Multitasking behaviors such as talking on cell phones and eating while behind the wheel peak about a year and a half after the teens begin to drive, the study by Virginia Tech Transportation Institute researchers suggested.
“Novice drivers are more likely to engage in high-risk secondary tasks more frequently over time as they became more comfortable with driving,” said Charlie Klauer, group leader of teen risk at the institute. “This appears to be an important contributing factor to crashes or near-crashes.”
In the study, “Distracted Driving and Risk of Crashes Among Novice and Experienced Drivers,” Klauer and her research team compared the results of an existing 100-car study with drivers between 18 and 72 years of age (with an average of 20 years’ experience) and a new 18-month study of 42 teens who had driver’s licenses for less than three weeks when research began.
Participants from both studies were tracked by Virginia Tech driving-performance systems, including four in-vehicle cameras.
Researchers looked for distracting secondary tasks before or during an instance of a crash or near-crash.

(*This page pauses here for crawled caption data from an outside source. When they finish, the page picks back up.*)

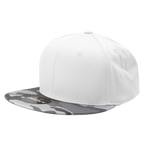 6 Panel High Profile Structured Camo Snapback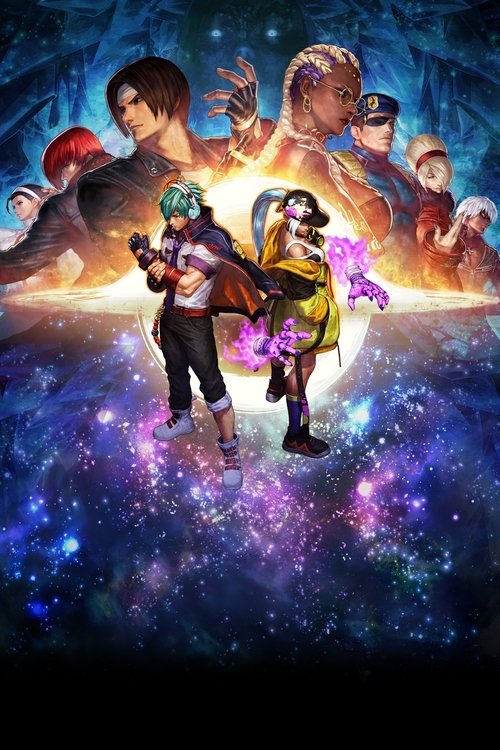 KOF XV - Special Animated Short Poster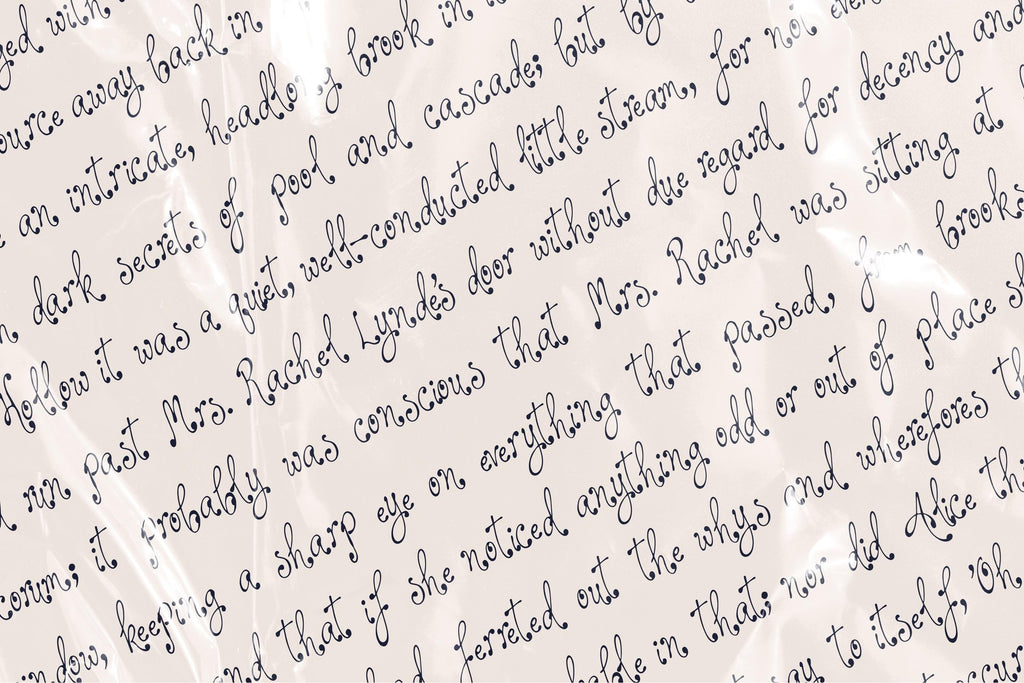 Pearlstruck Font, preview 5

Likely dangerous distractions for the teens included handling and operating cell phones, eating, reaching away from the steering wheel, and looking at something alongside the road.
The team found that the novice drivers became engaged in multitasking at about the same rate as the experienced drivers between months 7 and 15 of their initial licensing. “They were engaged in non-driving tasks more often than experienced drivers during months 16 through 18 — a two-fold increase in risky distractions during the last three months of the study,” researchers said.
One interesting finding was that talking on a cell phone did not appear to increase crash risks among either the veteran or inexperienced drivers. Dialing a mobile phone did increase the risk, however. (Researchers noted that dialing the phone often preceded the talking.)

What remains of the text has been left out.